And as for SQL server, yes, I guess it's a similar concept but a different kind of database. I advocate that the database should be part of the application; they should be sharing the same heap in the same process, and only then should the applications let the database "drive". That is why I also don't quite agree with your wording of "centralizing logic in the DB" because the DB and the application are one; certainly the DB is not more (or less) centralized than the app. Once you get that, there is no point in being ashamed of it. Just like you let your web-app container parallelize your presentation layer, you let the database parallelize your business logic. In both cases the middleware shares the same process as the app, and the leap of faith required isn't big at all.


Thanks for your response! I think it addressed my comments well.

It does make me think about the fact that almost every major DB today runs out of process and that the market seems to have selected this pretty definitively. It seems like only recently some products are running in-process for performance reasons. But if I understand the trade offs here, only a single application can run in-process with the db. Also the db is not protected from crashing when the app crashes. But this is the 1990's explanation... any thoughts on how that applies to your situation?


> almost every major DB today runs out of process and that the market seems to have selected this pretty definitively.

True. That's why I've tried to show the performance to be gained by letting the DB become integrated with the app. This is a result of the DB having just the right kind of knowledge about the relationships among domain objects to allow it to parallelize business logic.

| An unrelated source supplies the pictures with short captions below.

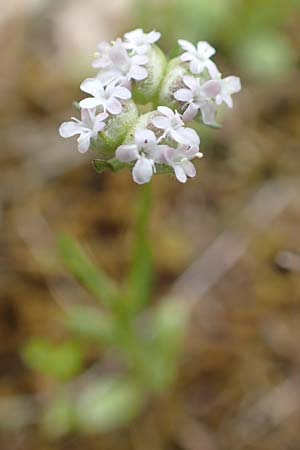 Valerianella vesicaria \ Blasen-Feld-Salat / Bladder Corn Salad, GR Athen, Mount Egaleo 10.4.2019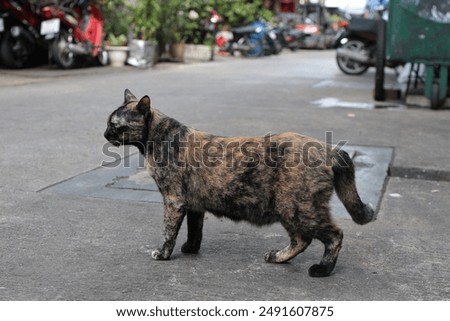 Image, Stock Photo big blotch like a speech bubble on the front of a house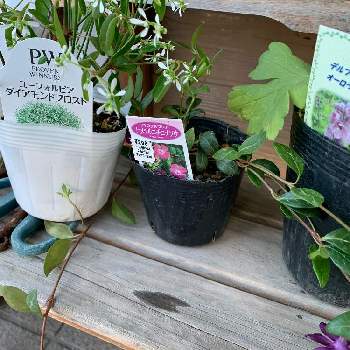 デルフィニウムオーロラモーヴの投稿画像一覧 Greensnap グリーンスナップ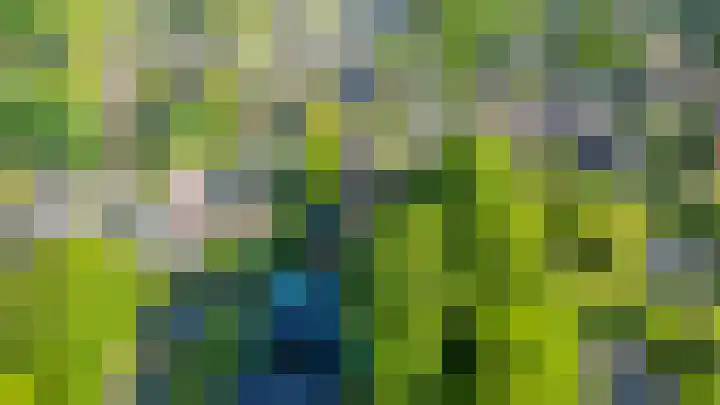 Luchtenstein 13 a de Wijk thumbnail 53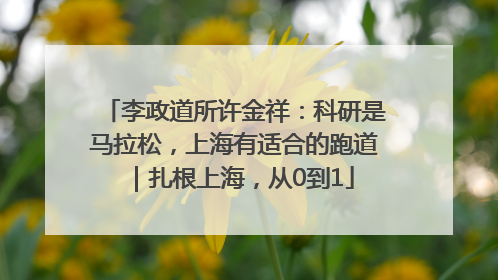 李政道所许金祥：科研是马拉松，上海有适合的跑道｜扎根上海，从0到1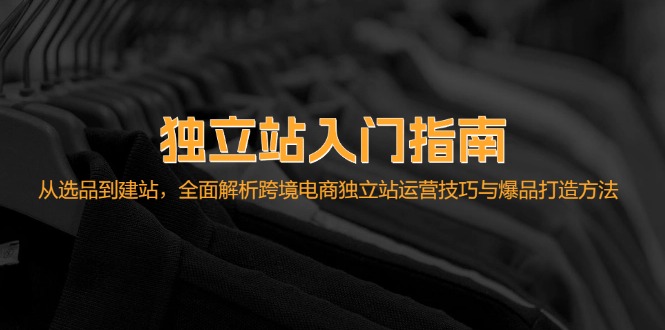 独立站入门指南：从选品到建站，全面解析跨境电商独立站运营技巧与爆品打造方法-创业项目网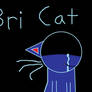 The Bri Cat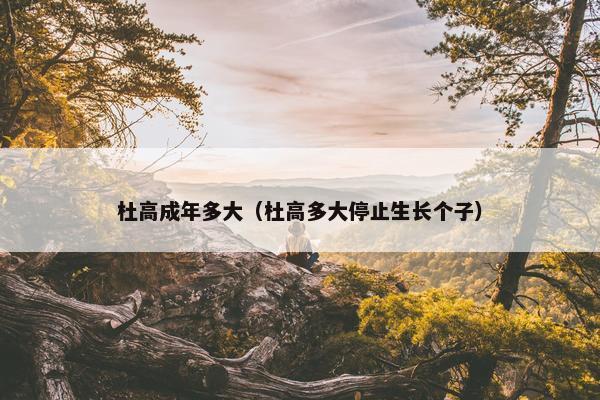杜高成年多大（杜高多大停止生长个子）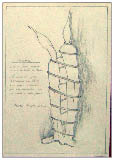 immagine20.jpg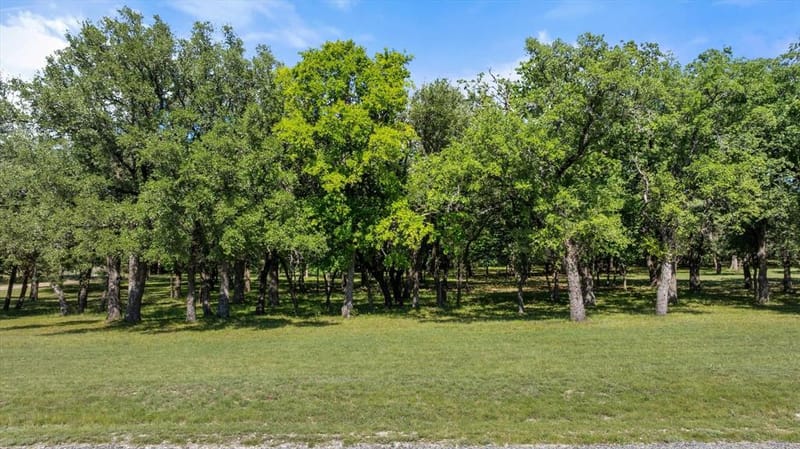15403 Mule Branch Court, Lipan TX 76462 - Photo 34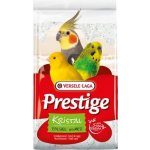 VERSELE-LAGA Grit Shell Sand Kristal 5kg – Sleviste.cz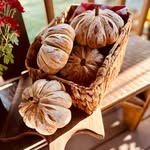 Christina Hoeffel - @doughsidough.sourdoughbreads - Instagram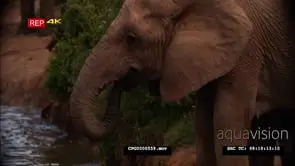 CU Shot of African Elephant Bull and Calf Drinking Water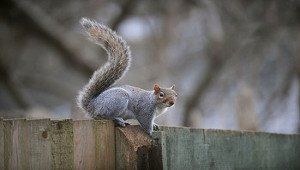 Commercial pest control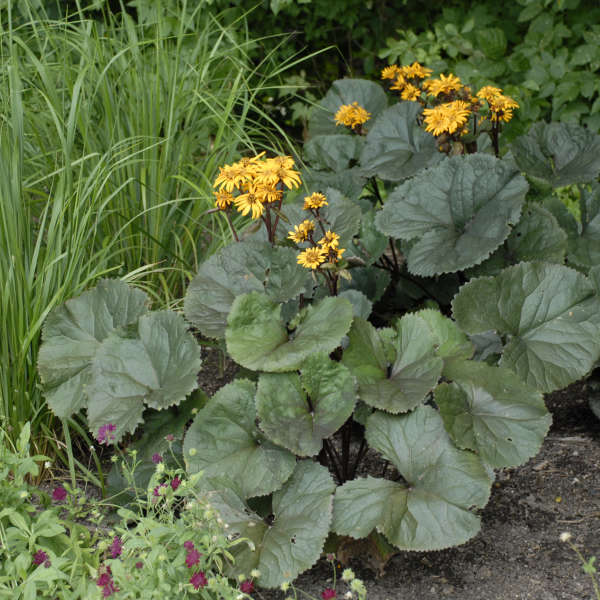 Ligularia dentata 'Britt-Marie Crawford' (Leapord Plant)
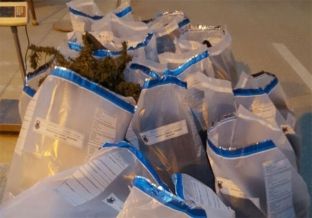 Kapen në Vlorë 103 kg kanabis, një i prangosur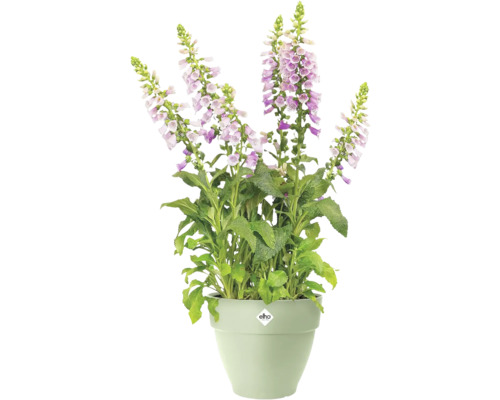 Gefüllter Fingerhut in einem Topf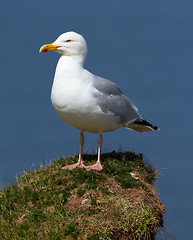 Image showing A seagull on a rock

> But if I understand the trade offs here, only a single application can run in-process with the db. Also the db is not protected from crashing when the app crashes.

Well, if the application and DB are one, so what? Note that we're only talking about OLTP DBs here. I don't see much of a reason for analytics DBs to be unified with the app. How often do you need more than one app working with the same OLTP data?

However, if you absolutely must, there is no reason why the in-process DB shouldn't store its data in shared memory, thus allowing other DB instances to access the information. There are ways to ensure that if one app crashes the memory is left in a consistent state.


>> How often do you need more than one app working with the same OLTP data?

If you are running a modern web startup, it's probably not an issue. But in a typical business... often IMO. And it was one of the original use cases that drove the adoption of databases in the first place.

Would be interested in seeing you blog about the last sentence of your last reply.

Thanks for engaging my comments.


OT: your overlay that appears at the top of the screen if you scroll down far enough means that when you click a footnote you can't actually see the footnote without scrolling up a little.


I'm confused. Is the author trying to convince me to give up the expressivity, portability, and readability of my Python app-layer codebase for the performance gains to be had by writing my logic in stored procedures?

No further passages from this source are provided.